Na enkele minuten rennen kwamen we aan bij wat leek op een klein meer net buiten ons dorpje – precies zoals aangegeven op de kaart! Het water glinsterde in het zonlicht als duizenden diamanten, maar wat ons echt verraste was wat daar lag: nogmaals, geen magie of geheimen – gewoon twee oude boten die naast elkaar lagen aangemeerd.

"Dit kan niet waar zijn," zei Hugo verbaasd terwijl hij naar hen wees. De boten waren versleten door tijd maar leken nog steeds sterk genoeg om mee te varen – misschien zelfs om te vliegen?

Hugo keek me aan met twinkeling in zijn ogen: "Wat als we ze proberen? Wat als ze echt kunnen vliegen?"

Ik blafte instemmend; dit klonk als het avontuur waar we altijd al van gedroomd hadden! We klommen aan boord van één van de boten – eentje met felgekleurde verf die bijna helemaal vervaagd was – en begonnen alles inspecteren.

Terwijl wij bezig waren met touwen knopen (wat ik natuurlijk niet zo goed deed), hoorde ik plotseling stemmen achter ons komen. Het waren Lena en haar vriendinnen uit het dorp!

"Hé jullie! Wat doen jullie daar?" vroeg Lena nieuwsgierig terwijl ze dichterbij kwam lopen met haar lange vlechten wapperend in de wind.

"We hebben deze boten gevonden!" riep Hugo enthousiast terug terwijl hij zich rechtop zette alsof hij kapitein was geworden van ons eigen schip.

Lena lachte: "En denk je dat ze kunnen vliegen?"

Hugo knikte vastberaden: "Waarom niet? We moeten gewoon proberen!"

Met Lena's hulp gingen we samen aan boord van onze 'vliegende' boot; zij nam plaats naast mij terwijl Hugo achteraan stond om alles onder controle te houden (of zo dacht hij).
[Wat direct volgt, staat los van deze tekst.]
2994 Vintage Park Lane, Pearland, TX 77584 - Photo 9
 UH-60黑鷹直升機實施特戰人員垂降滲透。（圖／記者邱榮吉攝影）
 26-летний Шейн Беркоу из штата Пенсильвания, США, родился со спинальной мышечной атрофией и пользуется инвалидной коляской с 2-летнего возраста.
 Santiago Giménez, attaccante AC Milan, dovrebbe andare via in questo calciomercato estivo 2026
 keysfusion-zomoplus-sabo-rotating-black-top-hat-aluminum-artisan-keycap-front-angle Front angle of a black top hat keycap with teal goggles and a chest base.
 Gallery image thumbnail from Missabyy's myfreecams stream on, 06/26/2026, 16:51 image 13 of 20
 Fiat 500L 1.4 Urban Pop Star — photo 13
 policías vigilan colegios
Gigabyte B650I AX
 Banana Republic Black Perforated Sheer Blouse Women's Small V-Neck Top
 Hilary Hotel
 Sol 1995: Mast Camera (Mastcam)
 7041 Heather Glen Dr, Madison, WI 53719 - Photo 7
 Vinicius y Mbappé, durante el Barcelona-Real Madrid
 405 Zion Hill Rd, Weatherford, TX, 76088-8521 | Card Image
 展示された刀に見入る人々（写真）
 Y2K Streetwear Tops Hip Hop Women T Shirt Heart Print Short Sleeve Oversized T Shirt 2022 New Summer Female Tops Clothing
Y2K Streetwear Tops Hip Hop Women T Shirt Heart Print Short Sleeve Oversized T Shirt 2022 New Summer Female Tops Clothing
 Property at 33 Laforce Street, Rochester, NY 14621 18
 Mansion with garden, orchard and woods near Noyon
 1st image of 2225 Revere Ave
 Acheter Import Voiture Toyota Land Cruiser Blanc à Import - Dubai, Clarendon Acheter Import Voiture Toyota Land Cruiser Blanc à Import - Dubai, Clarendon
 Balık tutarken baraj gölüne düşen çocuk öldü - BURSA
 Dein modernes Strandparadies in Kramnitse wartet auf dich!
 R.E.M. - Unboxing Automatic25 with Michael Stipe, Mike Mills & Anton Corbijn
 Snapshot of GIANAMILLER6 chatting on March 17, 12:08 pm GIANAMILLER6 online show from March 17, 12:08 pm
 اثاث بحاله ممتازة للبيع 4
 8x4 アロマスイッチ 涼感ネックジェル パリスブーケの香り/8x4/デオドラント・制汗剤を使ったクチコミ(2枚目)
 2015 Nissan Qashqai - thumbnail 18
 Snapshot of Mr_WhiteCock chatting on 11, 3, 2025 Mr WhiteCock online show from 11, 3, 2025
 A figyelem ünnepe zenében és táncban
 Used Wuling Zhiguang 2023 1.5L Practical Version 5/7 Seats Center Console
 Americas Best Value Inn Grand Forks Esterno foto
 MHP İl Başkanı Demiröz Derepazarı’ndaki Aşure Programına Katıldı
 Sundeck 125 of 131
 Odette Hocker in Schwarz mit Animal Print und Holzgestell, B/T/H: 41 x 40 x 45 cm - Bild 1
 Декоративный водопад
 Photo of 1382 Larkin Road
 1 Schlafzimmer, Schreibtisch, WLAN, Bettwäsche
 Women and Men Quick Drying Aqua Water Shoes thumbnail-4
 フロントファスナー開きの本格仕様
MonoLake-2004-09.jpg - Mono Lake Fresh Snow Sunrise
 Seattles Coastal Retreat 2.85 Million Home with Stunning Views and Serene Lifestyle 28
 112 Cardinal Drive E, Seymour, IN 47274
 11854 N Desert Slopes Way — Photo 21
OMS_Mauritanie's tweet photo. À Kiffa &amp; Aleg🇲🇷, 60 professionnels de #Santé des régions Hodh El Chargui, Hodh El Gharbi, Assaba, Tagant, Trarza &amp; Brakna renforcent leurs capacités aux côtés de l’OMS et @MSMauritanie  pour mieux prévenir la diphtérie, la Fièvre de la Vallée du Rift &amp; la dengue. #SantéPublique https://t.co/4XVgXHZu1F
We haalden diep adem voordat we onze handen opgaven voor onze grote droom: varen zoals nooit tevoren!

En zo zetten we koers over het meer – of beter gezegd… drijven! De boten gleden soepel over het water zonder enige moeite; misschien hadden ze inderdaad magische krachten? Of misschien was dit gewoon hoe avonturen eruitzien wanneer je jong bent?

We gierden van plezier terwijl we rondjes draaiden over het meer totdat onze stemmen vermengden met gelach dat weerkaatste tegen bomen rondom ons heen; niets kon ons stoppen!

De zon begon langzaam onder te gaan toen wij eindelijk besloten terug te keren naar land; maar niet zonder eerst nog één laatste sprongetje maken… We gaven alles wat we hadden voor één grote duik!

En zo eindigde onze dag vol avontuur naast die spoorlijn – geen geheimen of magie nodig; alleen maar vriendschap, plezier én natuurlijk… mijn ondeugende streken!

Dus wie weet? Misschien komt er ooit weer zo’n dag waarop wij opnieuw zullen varen… Of misschien zelfs vliegen!